--- Exercise description ---
The answer is the exact run of lines in the listing below from the line containing "living area featuring" up to and including the line containing "Ragazza di mangiare", with pictures removed.
** Data supplied follows **
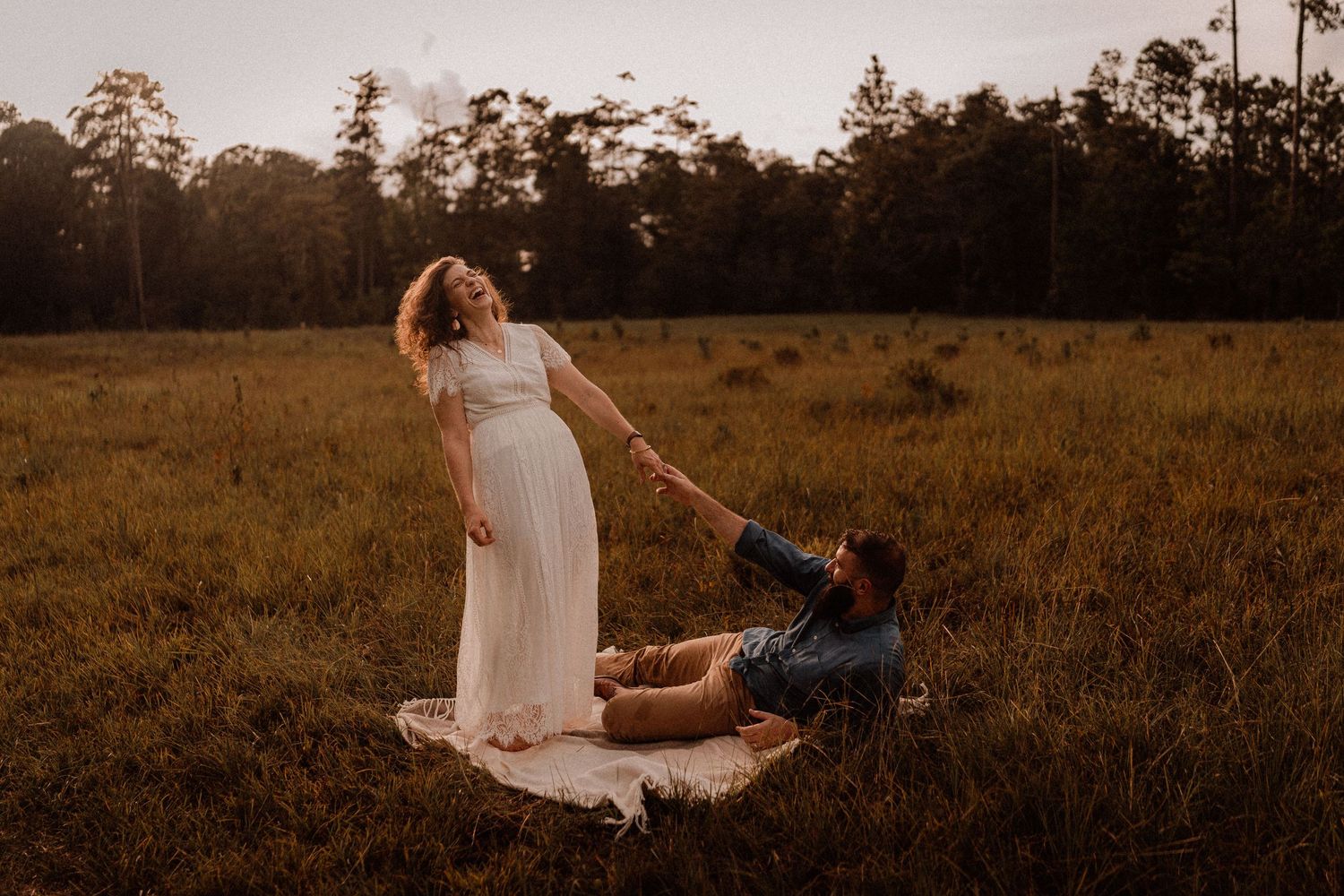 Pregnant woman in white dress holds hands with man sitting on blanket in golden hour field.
** End of Data supplied **
** Data supplied follows **
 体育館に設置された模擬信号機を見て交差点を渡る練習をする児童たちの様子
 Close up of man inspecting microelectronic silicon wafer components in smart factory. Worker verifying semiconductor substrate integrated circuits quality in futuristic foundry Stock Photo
** End of Data supplied **
** Data supplied follows **
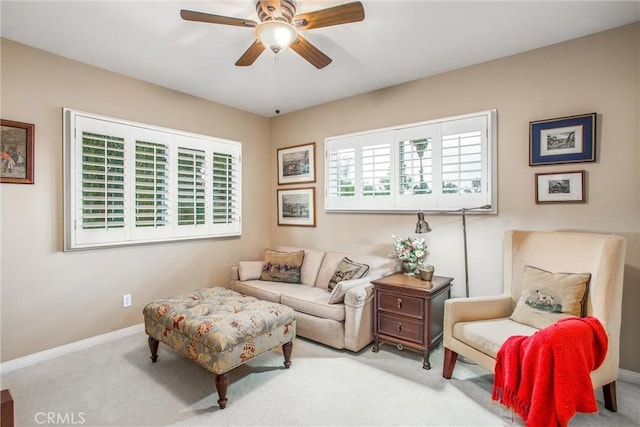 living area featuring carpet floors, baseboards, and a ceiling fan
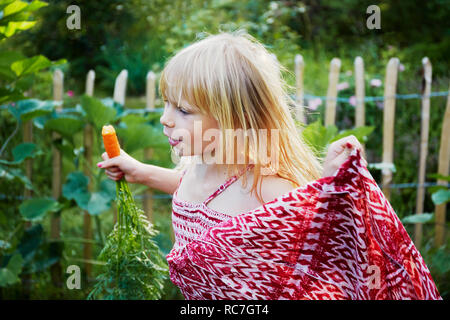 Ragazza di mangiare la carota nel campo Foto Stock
** End of Data supplied **
--- Exercise result ---
 living area featuring carpet floors, baseboards, and a ceiling fan
 Ragazza di mangiare la carota nel campo Foto Stock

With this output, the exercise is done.